WHAT NEEDS TO BE DONE:
Leaving out every picture, please repeat exactly the line that contains "Prueba: Influencia del" and each line after it through the final line below.

RECORDS SHOWN:
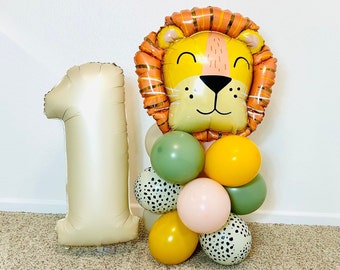 Lion Balloon Safari Balloons Safari Birthday Circus Birthday  Lion Party Lion Birthday Safari Party Party Animal Two Wild Wild One Cute Lion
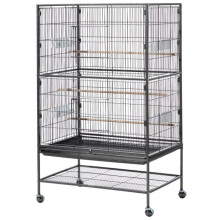 Grande Gaiola para Pássaros 80x52x132 cm-Duoku-Teto Plano, Poleiros, Bandeja Removível, Comedouros e Rodízios, Ideal para Parus
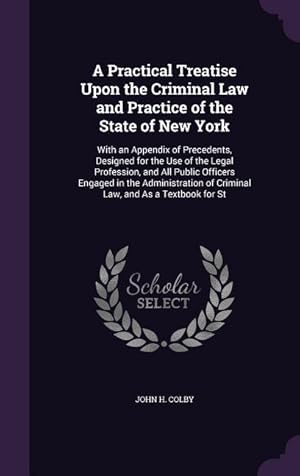 Bild des Verkufers fr A Practical Treatise Upon the Criminal Law and Practice of the State of New York: With an Appendix of Precedents, Designed for the Use of the Legal . of Criminal Law, and As a Textbook for St zum Verkauf von moluna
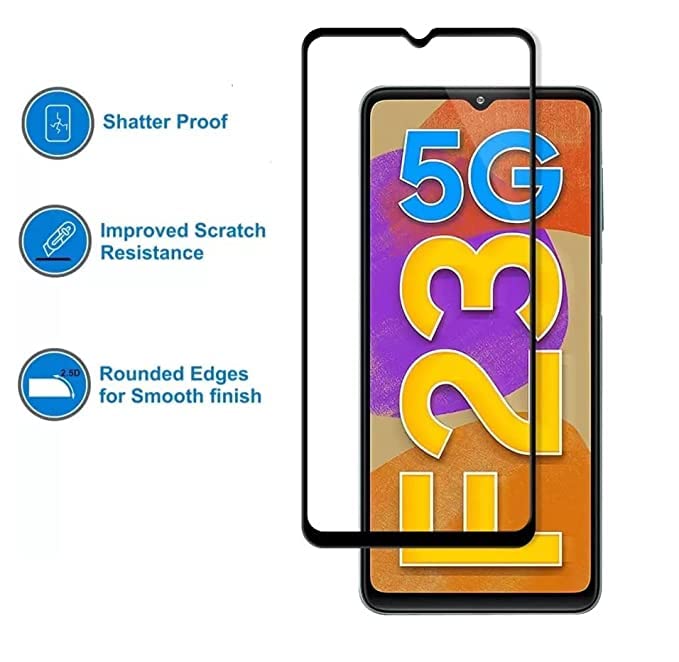 Image of Screen Protector for Samsung Galaxy F23 5G (Black) Tempered Glass Edge-to-Edge 6D Screen Guard With Installation Kit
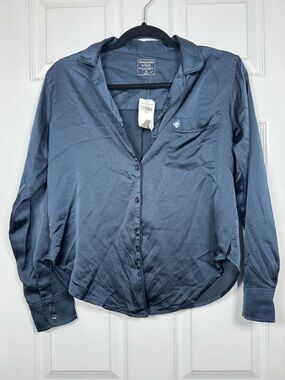 Abercrombie Silk Feel Pajama Top Blue Button Down Sleepwear XS NWT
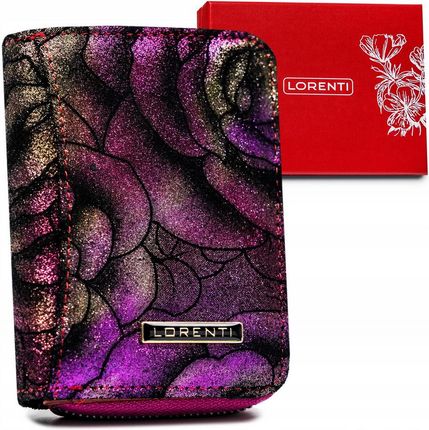 Mały, skórzany portfel damski z kwiatowym wzorem - Lorenti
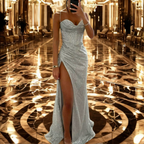 Vestido Largo De Mujer Con Escote en Forma De Corazón Y Detalles Brillantes - Premios Del Sector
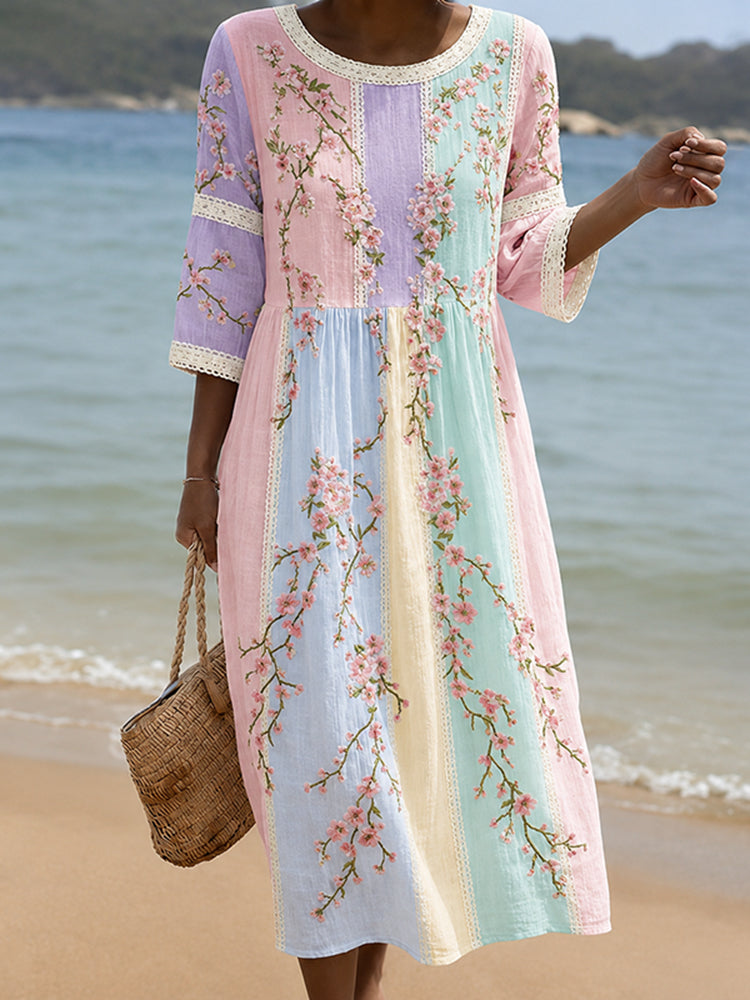 Women's Vintage Patchwork Floral Embroidered Art Midi Dress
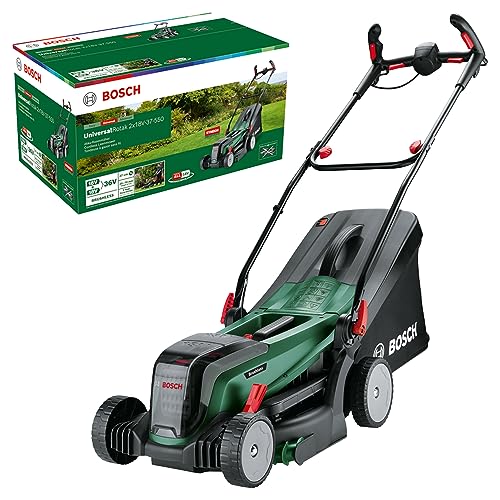 Bosch Akku-Rasenmäher UniversalRotak 2x18V-37-550 (bis zu 500 m2; 18 Volt System; Schnittbreite: 37 cm; ohne Akku und Ladegerät) von Bosch Home and Garden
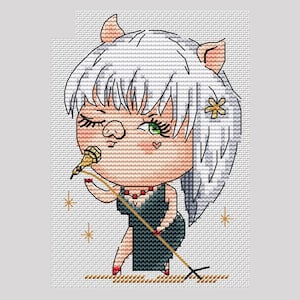 Pig diva cross stitch pattern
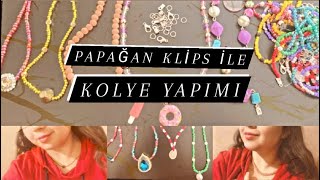 Kolye Nasıl Yapılır  Papağan Klips Nasıl Takılır  Halkaları Zincir Yapımı  Kadife Boncuk Kolye [upl. by Erdne]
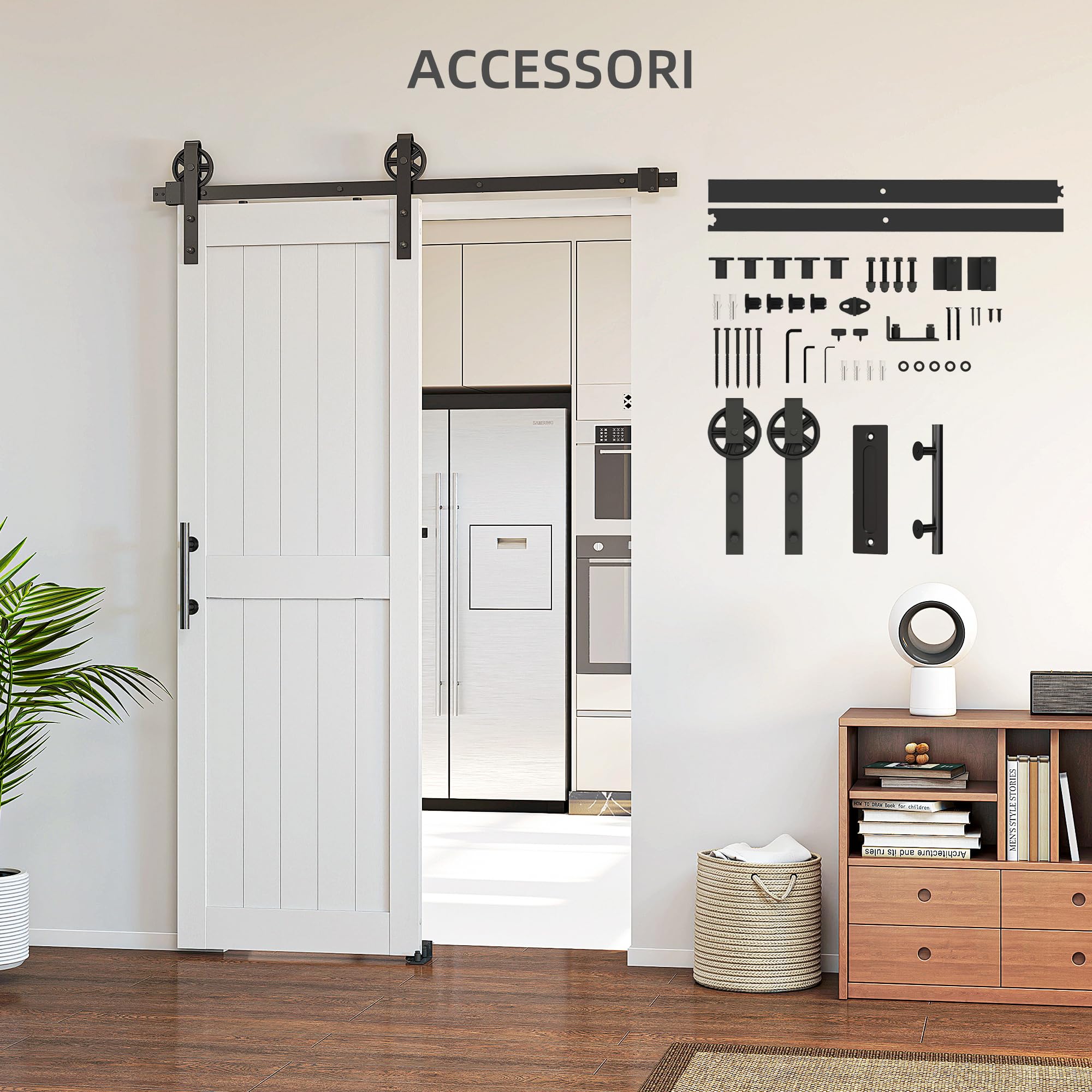 HOMCOM 72x213cm Porte grange coulissante kit quincaillerie 152cm Blanc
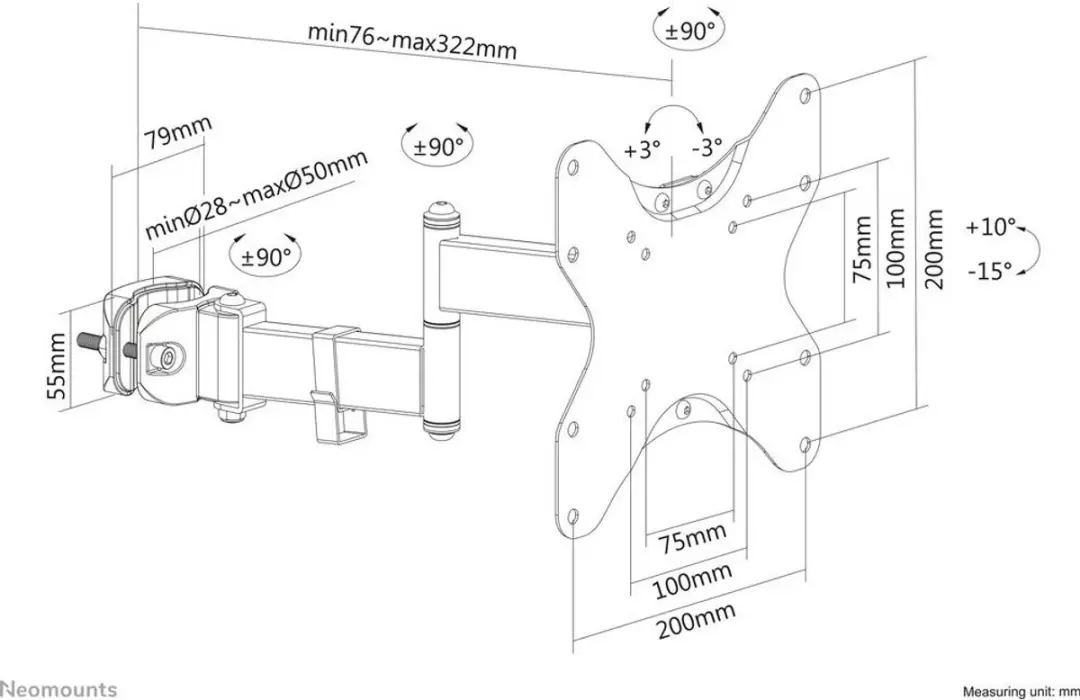 Neomounts FL40-450BL12 TV-paalsteun - 23-42" - Full Motion - Zwart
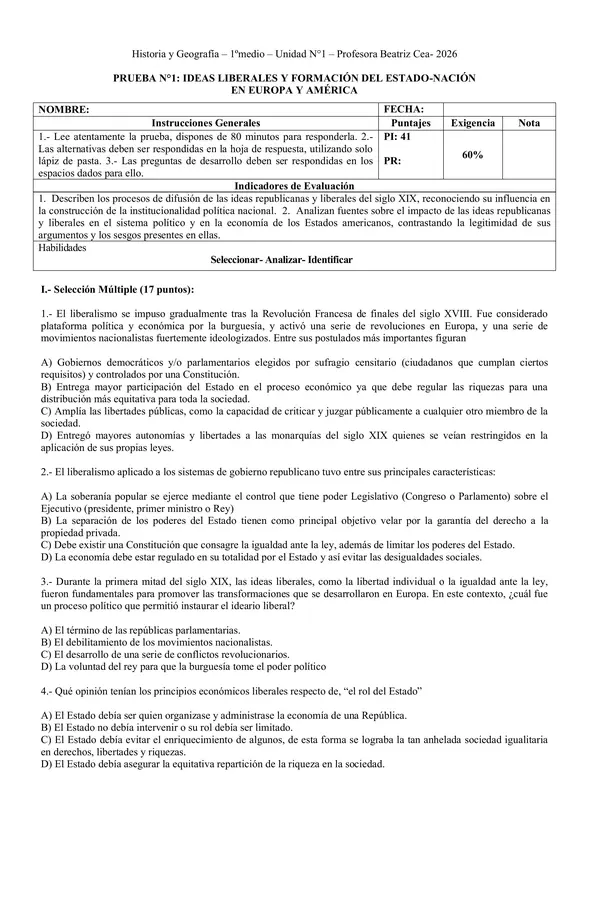 Prueba: Influencia del liberalismo en Europa y América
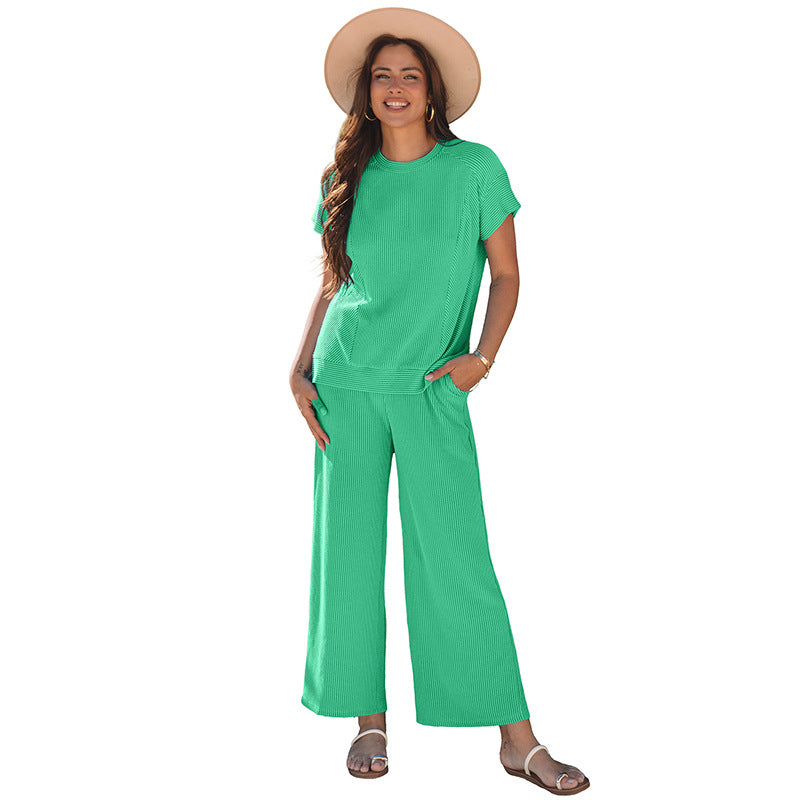 Completo due pezzi da donna – Maglia a coste – Maglia a maniche corte – Pantaloni a gamba larga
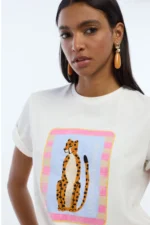 Animal Embroidered T-shirt with Transparent Sequins - Image 3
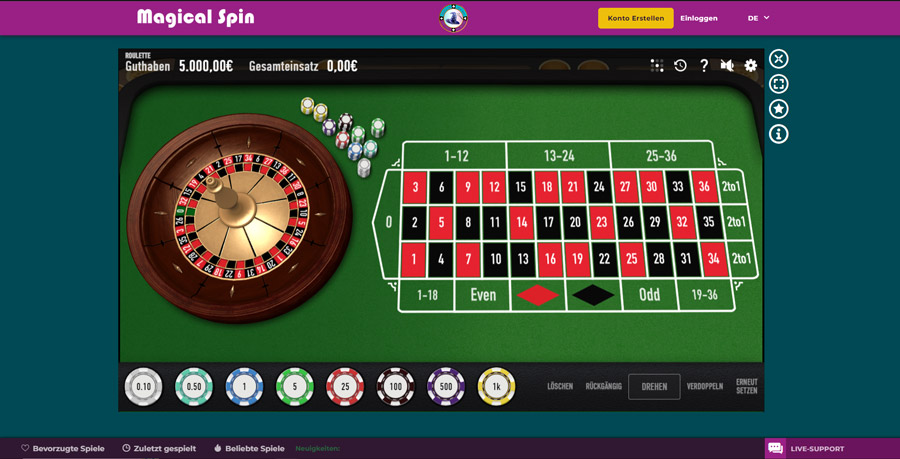Roulette Relax Gaming Magical Spin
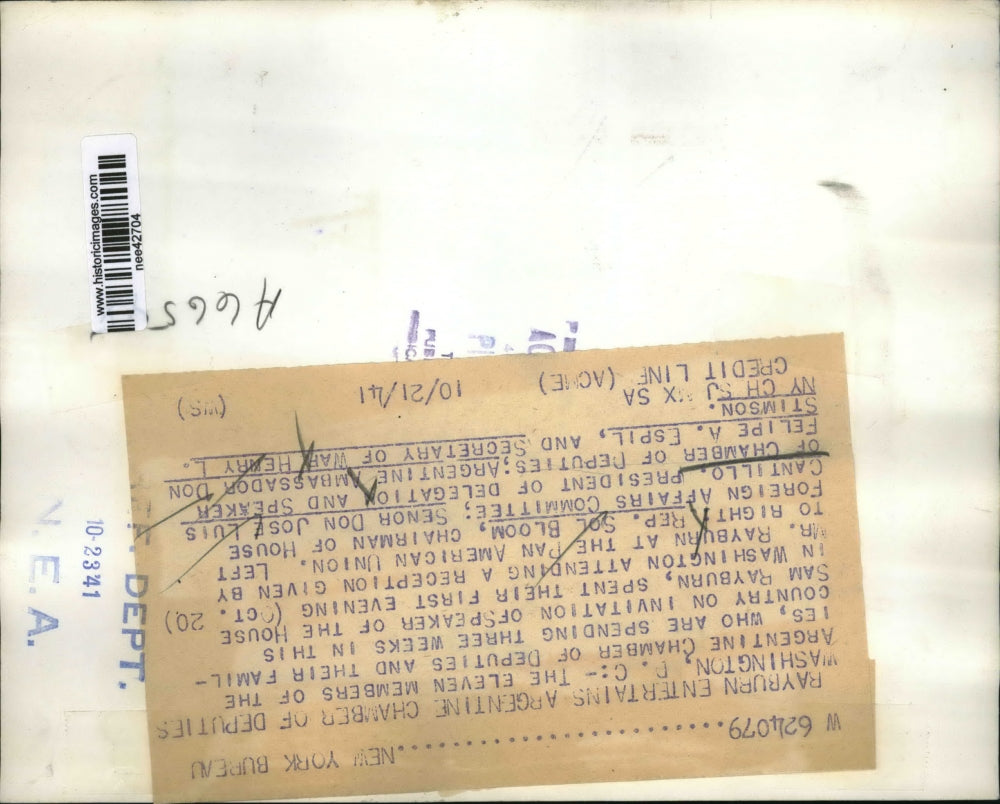 1941 Press Photo Rep Sol Bloom, Senor Don Jose Luis Cantillo, Argentine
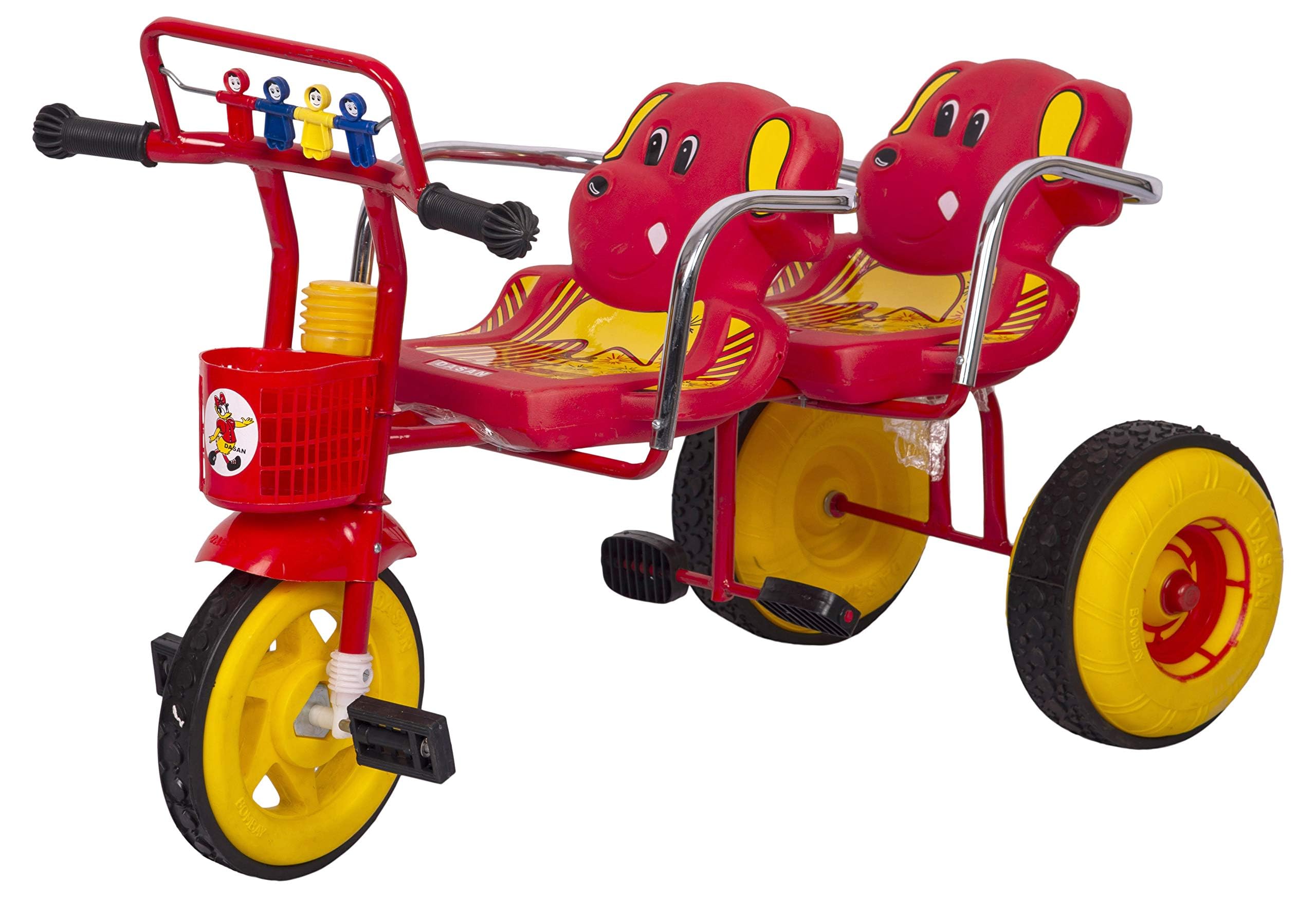 Dasan Baby Chubby Tricycle – Sturdy & Safe Double Seat 3-Wheel Ride-on with Storage Basket | Durable & Comfortable Outdoor Fun for Toddlers & Kids | Ready-to-Use, Heavy-Duty Frame | Red-image-25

FINISHED TASK:
 Prueba: Influencia del liberalismo en Europa y América
 Completo due pezzi da donna – Maglia a coste – Maglia a maniche corte – Pantaloni a gamba larga
 Animal Embroidered T-shirt with Transparent Sequins - Image 3
Roulette Relax Gaming Magical Spin
 1941 Press Photo Rep Sol Bloom, Senor Don Jose Luis Cantillo, Argentine
 Dasan Baby Chubby Tricycle – Sturdy & Safe Double Seat 3-Wheel Ride-on with Storage Basket | Durable & Comfortable Outdoor Fun for Toddlers & Kids | Ready-to-Use, Heavy-Duty Frame | Red-image-25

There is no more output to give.